You Got 科学幻想 In My Science Fiction

No matter what form the future takes, there's one country that will take a major role in guiding it from those things that it does, or does not, do--China. I don't think I'm going out on a limb when I suggest that the 21st century will be a Chinese century, if for no other reason that it accounts for a significant fraction of humanity and shows no signs of letting its influence fade. As it stands, China's looking toward the future--witness the Chang'e 3 landing and Yutu lunar probe, for example, or its plans to have its own space station in operation by the 2020s. Appropriately enough, science fiction is big business there; its Science Fiction World, with estimates of more than one million readers per issue, is the most popular SF magazine on Earth.
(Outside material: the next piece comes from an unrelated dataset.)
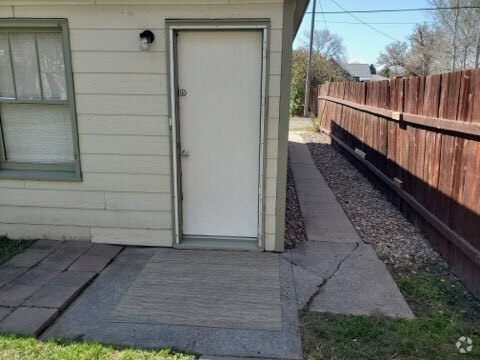 Building Photo - 1510 1st Ave S Rental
Still, something of a gap remains between Chinese and Western SF--at least, from the Western perspective. It's not unusual for Western science fiction to be translated for the Chinese audience, going back to translations of Jules Verne in the early 20th century, but there's far less of it happening in the other direction. Ken Liu is active in translating Chinese science fiction and fantasy for publication in English, I can't think of anyone else who's doing it. The English translation of Cheng Jingbo's "Grave of the Fireflies," which appeared in this month's Clarkesworld, is the first I've come across.
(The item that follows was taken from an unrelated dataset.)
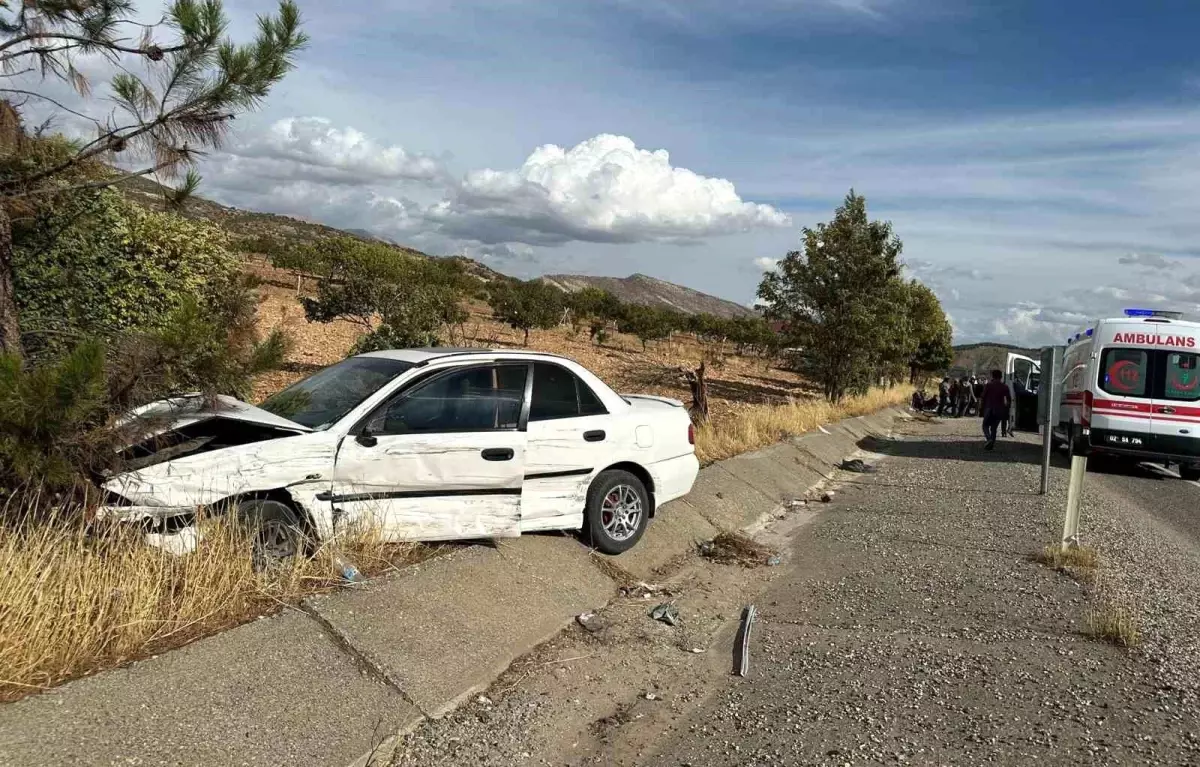 Adıyaman\'da Trafik Kazası: 3 Yaralı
It's the sort of thing that should change. I mean, this is the 21st century after all. Science fiction is a conversation, and when people are excluded everyone else misses out. If I had the opportunity, I'd start a magazine half in English, half in Chinese, translating stories to carry them across the language barrier... maybe someone will start something like that, one day. Maybe someone already has and I just don't know about it. But connections are important.
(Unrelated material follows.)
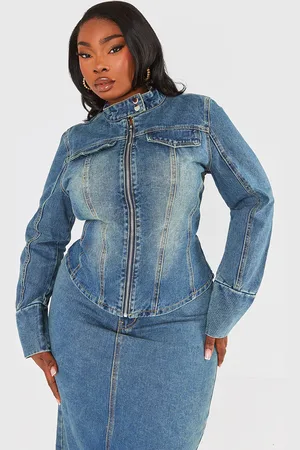 PRETTYLITTLETHING Plus Zip Up Fitted Denim Jacket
So I wasn't entirely surprised to find, the other day, about a group that's bidding for the 2016 World Science Fiction Convention--in Beijing.

It's a bit of a quixotic bid, really. The voting for 2016 is going to be held in London this August, and it's been Kansas City running unopposed for years. The KC bid has built up enough steam at this point that I doubt Beijing would be able to finagle an upset. It's my suspicion, and the suspicion of others, that the bid organizers are rather new to the whole thing--for one, none of the standard questionnaires detailing the dates being bidded for, bid officials, and so on seem to be present on their website. A website, for that matter, which I can only read after passing it through Google Translate, as it's entirely in Mandarin. The organizers seem to be some kind of scientific society where people can go for answers to science-related questions, talk about science and technology, and that sort of thing.

I think there's a definite opportunity for a Beijing bid: not in 2016, but down the road. 2018, for example, only has two candidates so far, New Orleans and San José. Targeting a more distant year would give a Beijing bid group more opportunity to level out a foundation and build bridges to bring the Chinese and Western science fiction communities closer together--which, really, should be the entire point of it.

That's not to say I don't have misgivings about how well Beijing would fare in competition--just after I heard about this bid, I saw those photos of the sunrise being broadcast on big TV screens in Beijing because the smog was thick enough to turn the sky grey.* Still, I am reminded that Loncon 1, held in 1957, came only five years after a particularly vicious smog descended over London. The more things change, the more they really don't.

I have to say, though, I do like the logo they've chosen.

* Postscript 01/24/2014 - As I have subsequently seen, that is not what those pictures accurately represented, but the fact remains that the air in China's urban centers is hideously polluted.